Getting Started with a Web Scraping Project

Getting Started with a Web Scraping Project

·

15 min read

Introduction

I have worked on and maintained a good number of web-scrapers in the past. I have also written a few articles on web-scraping. However, I have never written a step by step guide on how to build a web scraper.

This post will aim to serve a starter guide for myself and anyone for a simple web scraping project. Though its not a complete guide, it will serve as a good starting point for anyone looking to build a web scraper.We will use a combination of technologies to build our web scraper. We will be using Python, Postgres, SQLAlchemy and Docker.

Audience and Objectives

This article at beginner developers, hobbyists and DIY folks who are looking to build a web scraper. Intermediate developers can also use this article as a refresher on how to build a web scraper.

This article aims to serve as a step by step guide on how to build a web scraper using Python. We will be using the Lifetime Leaderboards | UMG Gaming website as our target website. We will be scraping the data from the website and storing it in a database.

Prerequisites to Follow Along

To follow along with this article, you will need to have the following installed on your machine:

  • Python3 and Pip (I am currently using 3.10) Any version above 3.8 shoul work.
  • Git installed and configured on your machine. Instructions vary by Operating System.
  • Docker installed and running. Docker Documentation
  • Terminal or Command Line Interface (CLI) installed on your machine.
  • Database - Ensure Postgres is installed locally and running on port 5432

    OR

    run a Postgres container on Docker Easy PostgreSQL 10 and pgAdmin 4 Setup with Docker container on port 5432

Initial Setup Instructions

These instructions will work for most Unix (Linux, Mac) and Windows implementations. Kindly refer to the documentation for your Operating System for more information.

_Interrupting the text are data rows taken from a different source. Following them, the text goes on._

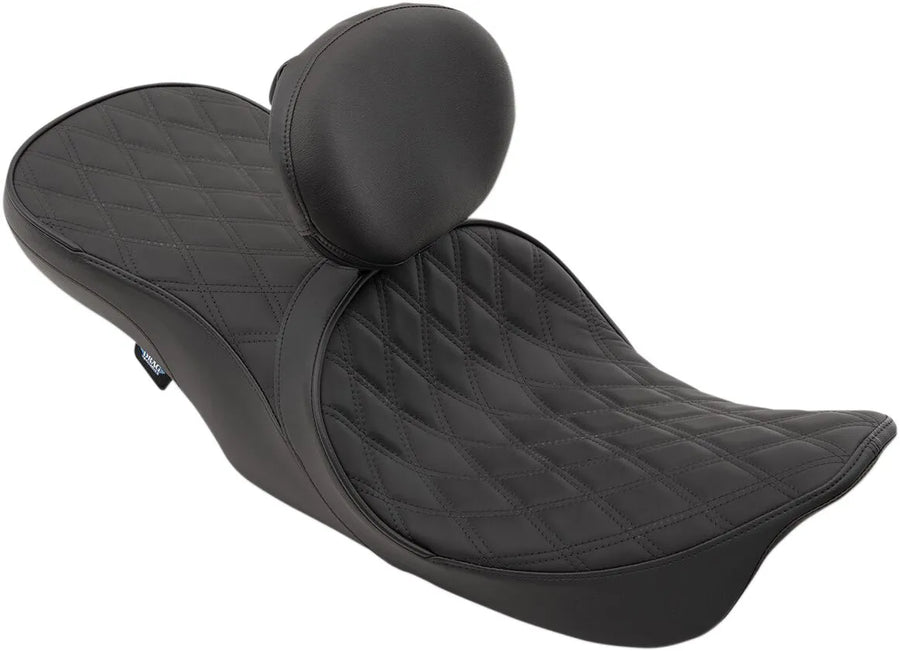 harley davidson touring [DRAG SPECIALTIES] – Vorne positionierte 2-Up Touring-Ledersitzbank mit niedrigem Profil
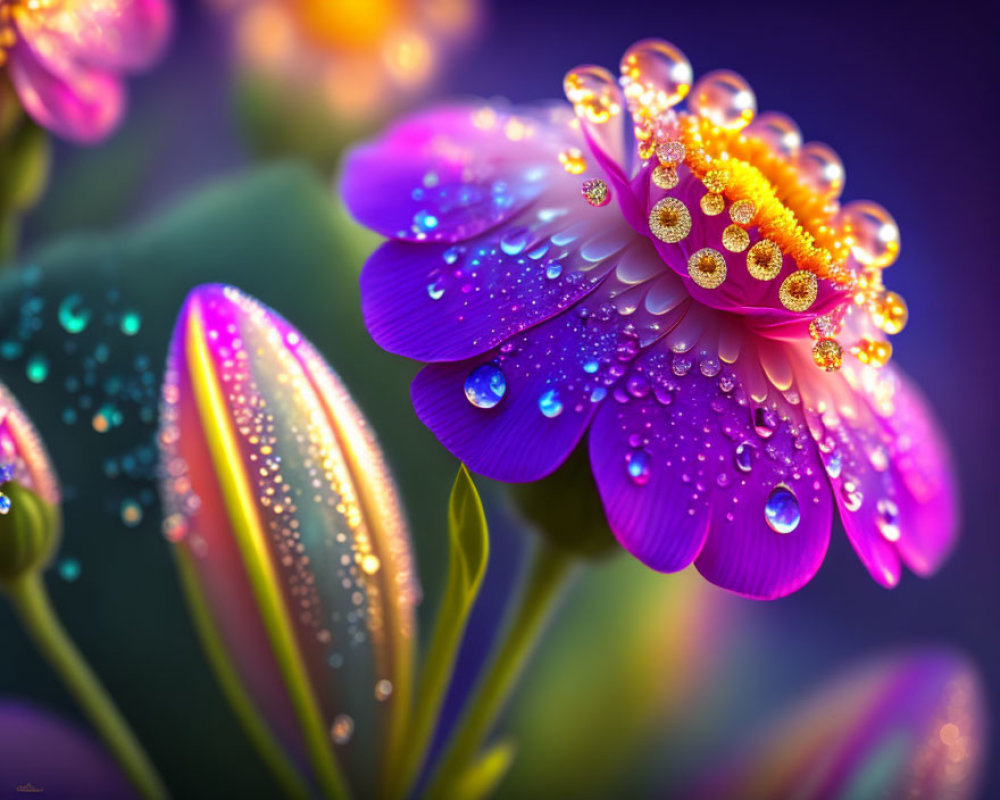 Colorful Flower Artwork with Dewdrops on Petals on Purple Background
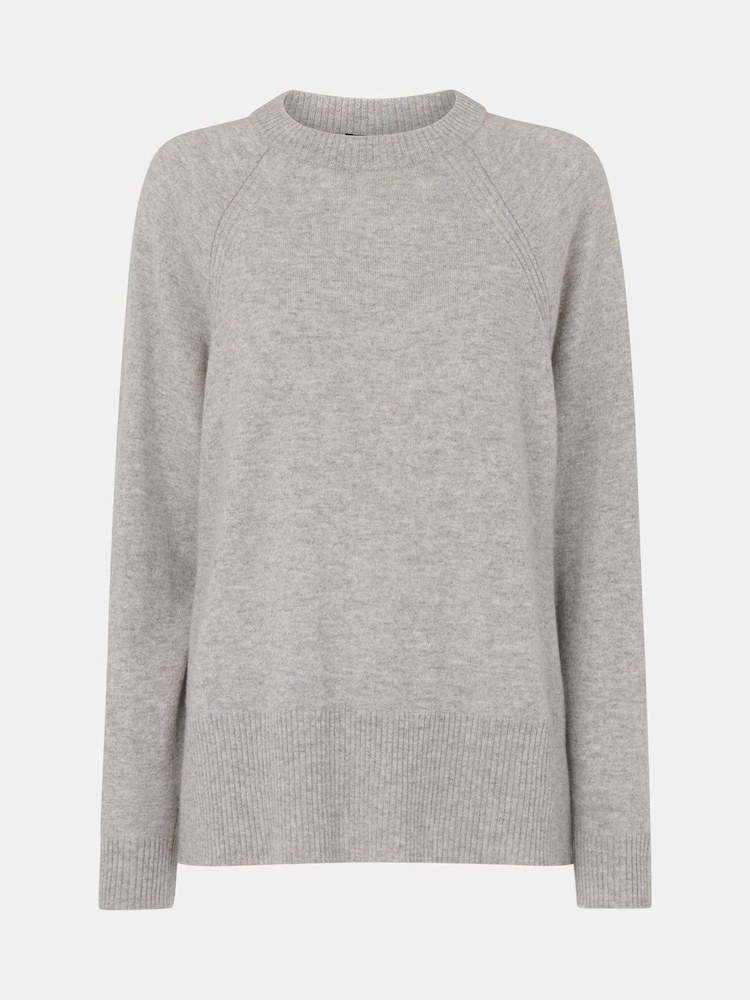 Whistles Grey Petite Ultimate Cashmere Crew Neck Jumper - Image 5 of 5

  • Create a directory for your project and change into it. I will be using simple-web-scraper as my project name.
mkdir simple-web-scraper && cd simple-web-scraper
  • Create a virtual environment for your project. I will be using venv as my virtual environment name.
python3 -m venv venv
  • Activate the virtual environment.
source venv/bin/activate
  • Install the required dependencies.
python3 -m pip install requests beautifulsoup4 psycopg2-binary SQLAlchemy python-dotenv pytest Faker factory-boy
  • Save the dependencies to a requirements.txt file.
python3 -m pip freeze > requirements.txt
  • Create a .gitignore file and add the following lines to it.
# .gitignore
venv
__pycache__
.vscode
.env
  • Create a README.md file and add the following lines to it.
# simple-web-scraper

Simple web scraper for [Lifetime Leaderboards | UMG Gaming](https://www.umggaming.com/leaderboards)

## Installation

1.Clone this Repo
  • Run the following command to initialize a git repository.
git init
  • Add the files to the staging area.
git add .
  • Commit the files to the repository.
git commit -m "Initial Commit"

Hopefully you have followed the instructions above and have a working project directory. If you have any issues, please feel free to reach out to me on Twitter or Github.

Reconnaissance Phase

Recon illustration

The first step in any web scraping project is to understand the target website. As mentioned above we'll be using Lifetime Leaderboards | UMG Gaming website as our target website. We will be scraping the data from the website and storing it in a database.

The choice is mostly motivated by the fact that the website is simple and has a good amount of data to scrape. and as a bonus, it has a leaderboards for the most popular gamers sorted by xp and earnings.

Understanding the Target Website

Below is a screenshot of the xp and earnings leaderboards.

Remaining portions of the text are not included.